I'm confused, why use the 1DXIII sensor not the RP sensor ?
arguably one was designed for an SLR and the other for Mirrorless.....


----------



## koenkooi (Jun 25, 2020)

Dpickup said:


> I'm confused, why use the 1DXIII sensor not the RP sensor ?
> arguably one was designed for an SLR and the other for Mirrorless.....



LOL, the RP sensor is the 6D2 sensor with new microlenses. It also is one of the old, slow sensors. As we can see from the 32MP M6II, it's not the Digic 8 holding back performance on the R and RP, it's the sensor.

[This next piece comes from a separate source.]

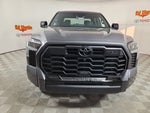 2026 Toyota Tundra Hybrid Limited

FWIW, on this forum 'sensor' tends to be used for the bare sensor, Canon uses 'sensor' to describe the bare sensor + microlens array. That's why Canon can call a sensor "new!!!" with a straight face when reusing an old one.


----------



## Michael Clark (Jun 25, 2020)

usern4cr said:


> It's interesting to hear of "weather sealed" claims by various manufacturers. The reality is that some are incredible, most are adequate if you don't keep them in continuous rain, and some are downright lying.
> 
> I have an Olympus EM1mark2 and pro lenses. If you bet me some big money if I dunked it with lens into a toilet or swimming pool and it'd still work fine, I'd take your bet and it'd be fine. They're one of the few(maybe only) than went truly overboard in weather sealing. Too bad the sensor is so small and so old (even in the mark3).
> 
> ...



I've never seen Canon refer to an ILC as "weather sealed". They use the term "weather sealing" a lot to describe a camera's parts, but they don't ever call those cameras "weather sealed." They call their cameras "dust and weather resistant", they don't call them "dust and weather proof."


----------



## usern4cr (Jun 25, 2020)

Michael Clark said:


> I've never seen Canon refer to an ILC as "weather sealed". They use the term "weather sealing" a lot to describe a camera's parts, but they don't ever call those cameras "weather sealed." They call their cameras "dust and weather resistant", they don't call them "dust and weather proof."


I haven't paid too much attention to whether they say 'sealed' or 'sealing' as I wouldn't think there was much difference between them. I know they don't use the term 'proof' as probably all manufacturers avoid that claim. I didn't mean to imply anything negative about Canon's sealing, as I've heard that they do a good job of sealing in general. In fact, that's one (of many) reasons I'm so eager to get the R5 and start a new chapter in my photographic adventures with it.


----------



## Michael Clark (Jun 25, 2020)

usern4cr said:


> I haven't paid too much attention to whether they say 'sealed' or 'sealing' as I wouldn't think there was much difference between them.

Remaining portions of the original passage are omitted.